TRY IT: Check every line of the entries that follow, and copy the ones containing "background".

── INFORMATION GIVEN ──

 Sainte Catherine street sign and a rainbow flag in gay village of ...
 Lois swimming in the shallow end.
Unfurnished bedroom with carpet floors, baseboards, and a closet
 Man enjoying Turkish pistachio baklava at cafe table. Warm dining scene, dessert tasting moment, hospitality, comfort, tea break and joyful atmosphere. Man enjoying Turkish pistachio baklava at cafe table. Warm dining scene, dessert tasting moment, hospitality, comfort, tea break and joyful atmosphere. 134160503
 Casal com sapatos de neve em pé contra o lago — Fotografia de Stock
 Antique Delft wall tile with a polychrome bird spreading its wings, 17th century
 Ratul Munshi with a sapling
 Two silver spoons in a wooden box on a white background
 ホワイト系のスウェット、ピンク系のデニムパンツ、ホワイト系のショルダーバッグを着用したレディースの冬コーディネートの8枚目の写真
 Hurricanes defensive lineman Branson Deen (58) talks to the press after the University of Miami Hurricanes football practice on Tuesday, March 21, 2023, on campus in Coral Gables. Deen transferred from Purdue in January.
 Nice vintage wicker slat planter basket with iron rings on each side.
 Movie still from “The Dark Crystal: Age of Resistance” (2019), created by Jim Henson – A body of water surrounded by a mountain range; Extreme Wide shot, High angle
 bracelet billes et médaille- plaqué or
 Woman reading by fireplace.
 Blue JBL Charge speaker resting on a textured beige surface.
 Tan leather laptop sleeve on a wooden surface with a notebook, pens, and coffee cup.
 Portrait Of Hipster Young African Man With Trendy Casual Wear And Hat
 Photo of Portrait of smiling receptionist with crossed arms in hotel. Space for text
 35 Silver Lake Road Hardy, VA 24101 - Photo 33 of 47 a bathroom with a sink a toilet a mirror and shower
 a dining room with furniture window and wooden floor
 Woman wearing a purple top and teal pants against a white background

───

WRITTEN SOLUTION:
 Two silver spoons in a wooden box on a white background
 Woman wearing a purple top and teal pants against a white background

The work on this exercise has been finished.